NEW YORK CITY: Superheroes in Gotham! Wonder Woman, Thor, Hulk, Batman, Superman and more stand tall at the Hoerle-Guggenheim Gallery which presents Deconstructive/Constructive on view from March 20 – April 8, 2015 at 527 West 23rd Street in New York City. A portion of proceeds from the exhibition lithographs will benefit Free Arts NYC, a local organization providing underserved children and families with a unique combination of educational arts and mentoring programs that help them to foster the self-confidence and resiliency needed to realize their fullest potential.
Dussault is a Vancouver and New York based artist whose practice focuses on combining traditional forms of mosaic with pop-culture characters from his childhood and the present. The works presented recall the power of childhood memories through iconic characters that resonate with human nature’s desire to retain an inner youth. Playful in nature yet anchored to the stringent values of adulthood, Dussault seeks to remind the viewer of a fragility that ultimately leads to self-awareness. This is the artist’s debut solo exhibition in New York. Dussault explains, “Growing up in a small rural Canadian town in the late seventies and early eighties with young parents struggling to find their way, I spent much of my time alone, and the only access to art I had was comic books. I would spend hours trying to redraw these characters. Deconstructive/Constructive is my tribute to comic book art, my first love and inspiration.”
While his appropriated versions of superheroes and other characters known in the mass media hearken back to Pop art of the 1950s and 1960s, they align contemporarily with artists like KAWS, Mitch McGee, Justin Gilzene, Ron English and Invader.
The focal piece of the exhibition is large-scale, homage to the late George Delmerico, legendary Village Voice Art Director titled Deconstructive/Constructive. Dussault’s piece is a recreation of Delmerico’s iconic superhero amalgamation, A Marvel – Ous Evening with Stan Lee, 1972. The pastiche was originally created as a poster for a lecture given by Marvel Comics founder Stan Lee at Carnegie Hall. Dussault has recreated the famous image in a four-panel composite work using his distinctive mosaic style.

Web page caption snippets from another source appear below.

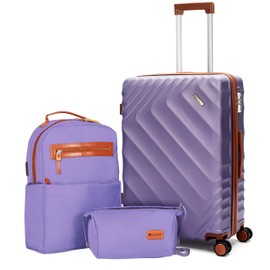 Rosamo 3 piece Luggage Set Expandable Suitcase 22x14x9 Airline Approved Carry on, ABS Hard Case Suitcases with Spinner Wheels,TSA Lock, (purple, 3 Piece Sets(20/BP/TB))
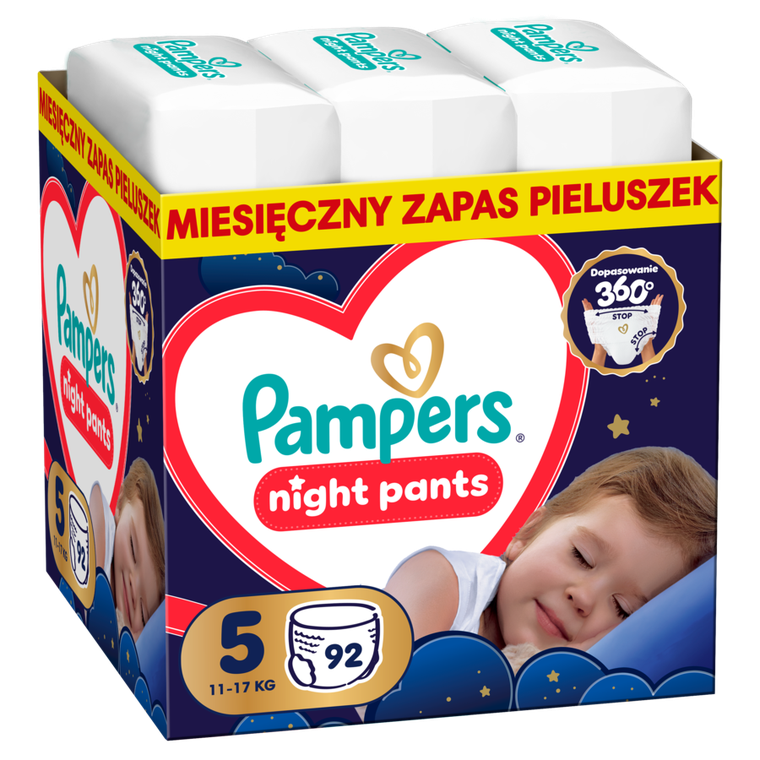 Pampers, Night, pieluchomajtki, rozmiar 5, 11-17kg, 92 szt.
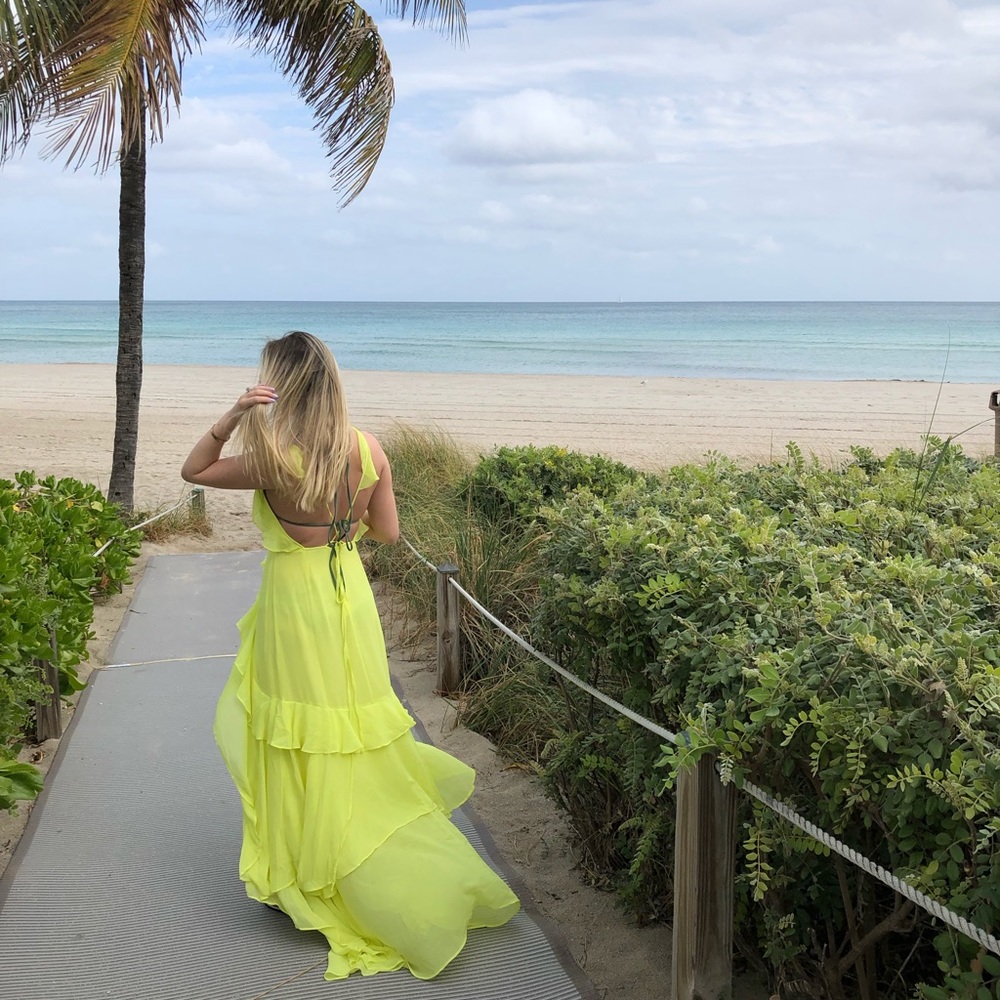 Yellow maxi dress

Throughout the exhibition Dussault features characters such as Lego Batman and Joker, Superman, Thor, Hulk, and Wonder Woman. By using materials specific to the subject matter, each piece harbors a unique sentiment deeper than the nostalgic surface image. With the use of traditional mosaic media like tile and grout, Dussault also utilizes paint, resin, wood, vinyl, found ceramics, and vintage porcelain to create well-known commercial images of comics and cartoons.